▶ **WORK ITEM**
Every record below must be returned exactly as it was received.
<<<<
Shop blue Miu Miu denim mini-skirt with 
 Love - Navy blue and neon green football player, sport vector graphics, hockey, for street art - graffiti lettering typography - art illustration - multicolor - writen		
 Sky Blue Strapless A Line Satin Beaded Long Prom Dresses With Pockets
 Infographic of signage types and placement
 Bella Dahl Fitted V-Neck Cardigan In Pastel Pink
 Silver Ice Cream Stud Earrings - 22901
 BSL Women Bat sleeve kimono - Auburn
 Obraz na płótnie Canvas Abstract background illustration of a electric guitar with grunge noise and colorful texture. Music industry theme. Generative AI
>>>>
▶ **YOUR SOLUTION**
Shop blue Miu Miu denim mini-skirt with 
 Love - Navy blue and neon green football player, sport vector graphics, hockey, for street art - graffiti lettering typography - art illustration - multicolor - writen		
 Sky Blue Strapless A Line Satin Beaded Long Prom Dresses With Pockets
 Infographic of signage types and placement
 Bella Dahl Fitted V-Neck Cardigan In Pastel Pink
 Silver Ice Cream Stud Earrings - 22901
 BSL Women Bat sleeve kimono - Auburn
 Obraz na płótnie Canvas Abstract background illustration of a electric guitar with grunge noise and colorful texture. Music industry theme. Generative AI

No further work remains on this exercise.